[STORED DATA]
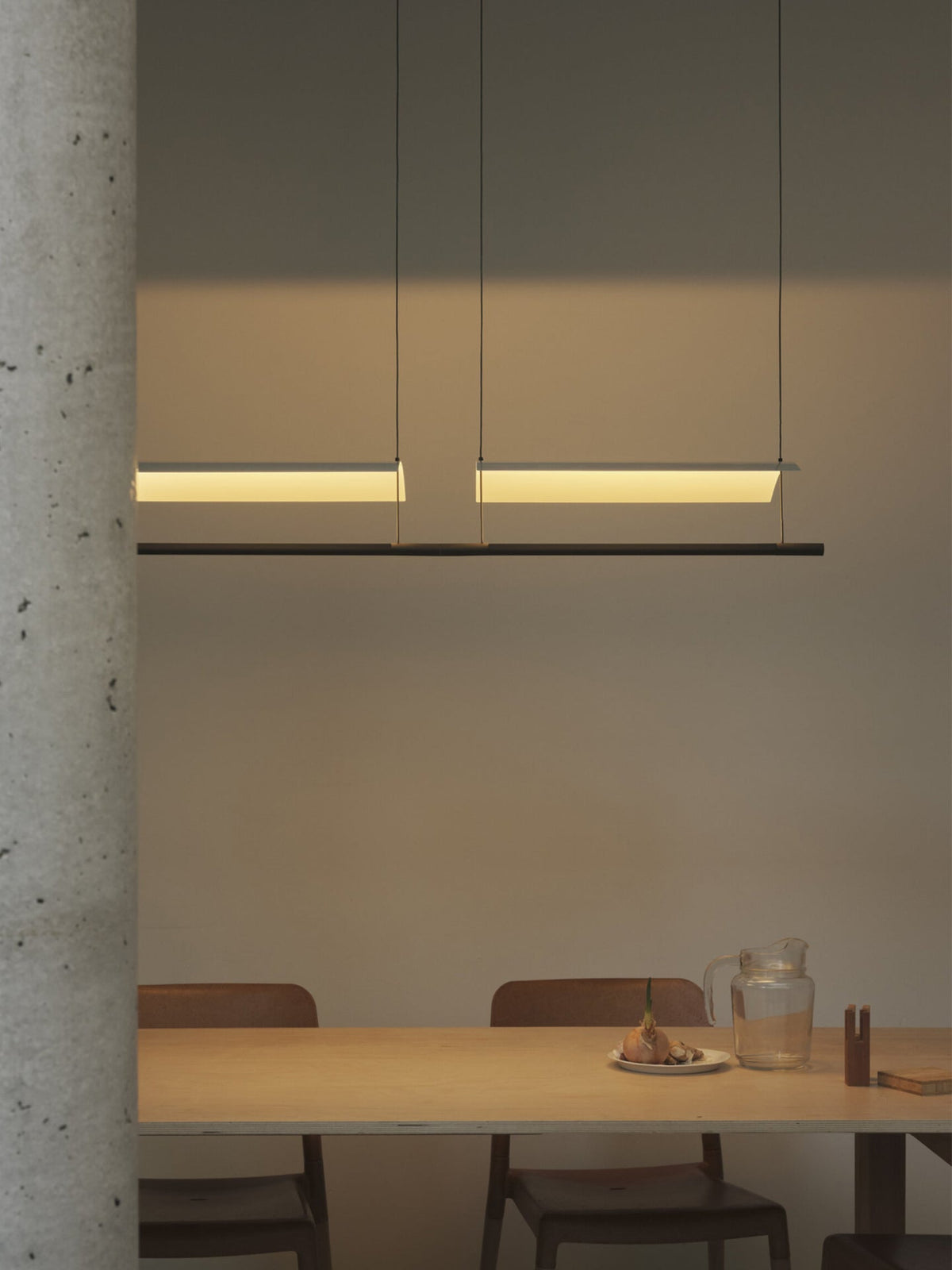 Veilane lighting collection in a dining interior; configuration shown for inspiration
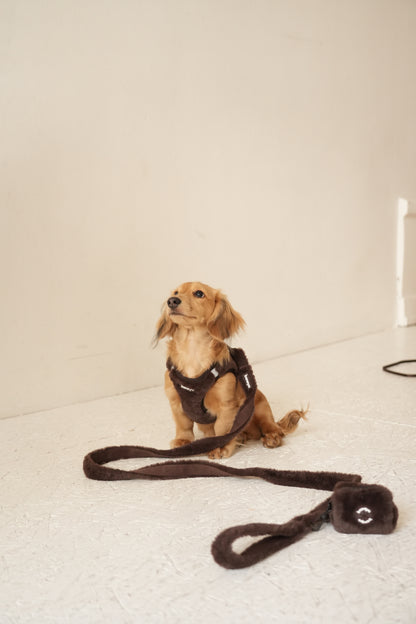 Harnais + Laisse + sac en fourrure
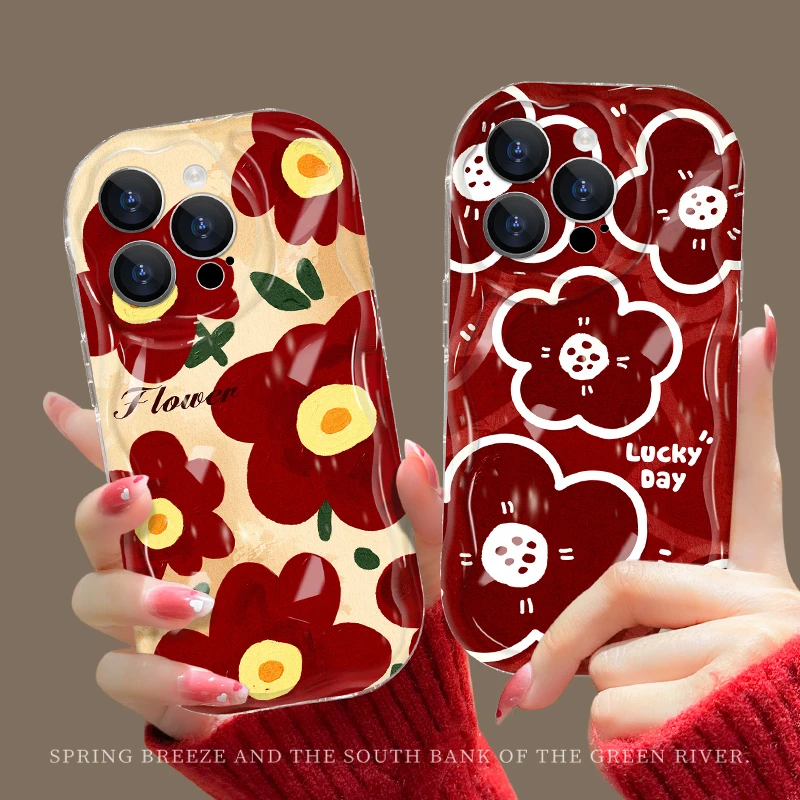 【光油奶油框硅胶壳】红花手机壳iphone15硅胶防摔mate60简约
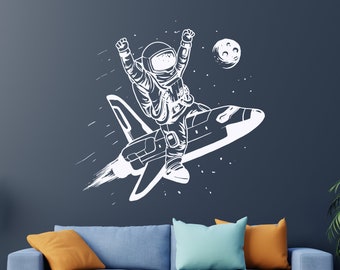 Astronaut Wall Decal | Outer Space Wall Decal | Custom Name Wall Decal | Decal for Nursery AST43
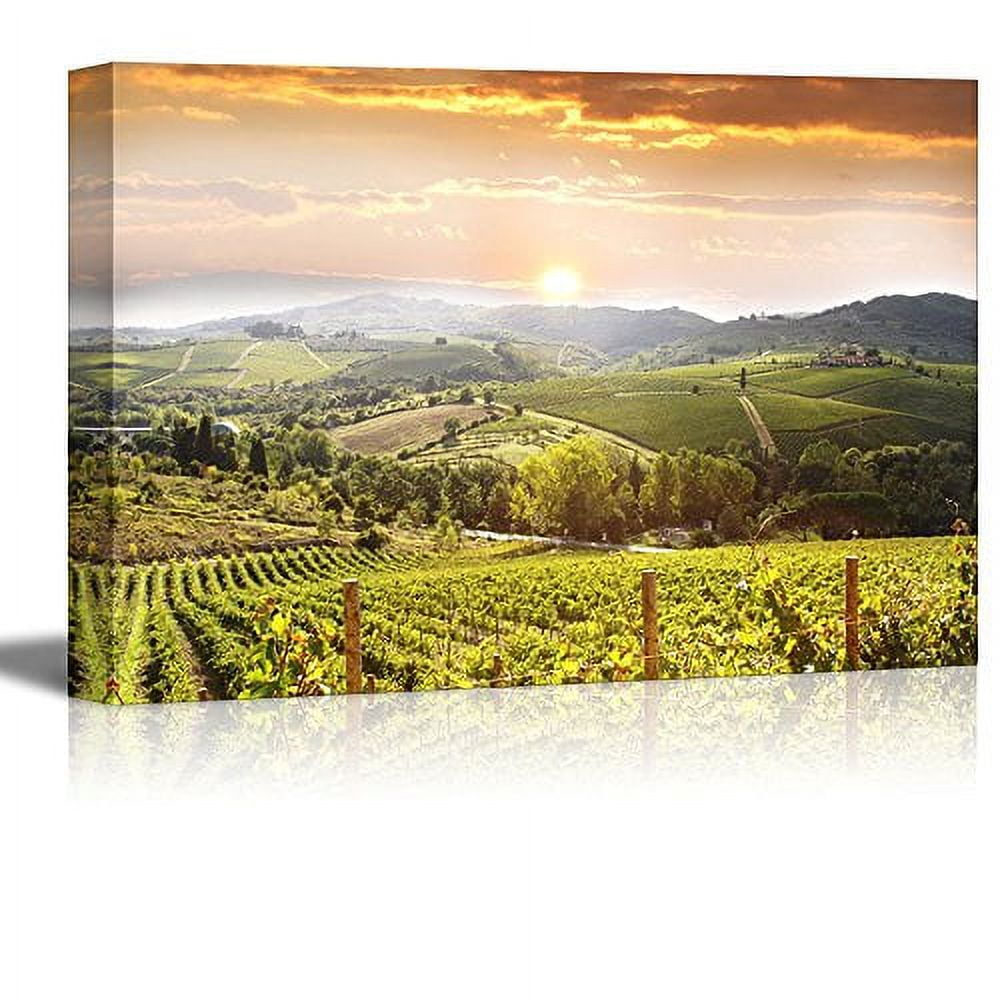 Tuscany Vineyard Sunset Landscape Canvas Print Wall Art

[TASK GOAL] Would you output, word for word, only the lines running from the line with "Harnais + Laisse + sac en fourrure" to the end of the listing above, both ends included, with no pictures?

[COMPLETED EXERCISE]
 Harnais + Laisse + sac en fourrure
 【光油奶油框硅胶壳】红花手机壳iphone15硅胶防摔mate60简约
 Astronaut Wall Decal | Outer Space Wall Decal | Custom Name Wall Decal | Decal for Nursery AST43
 Tuscany Vineyard Sunset Landscape Canvas Print Wall Art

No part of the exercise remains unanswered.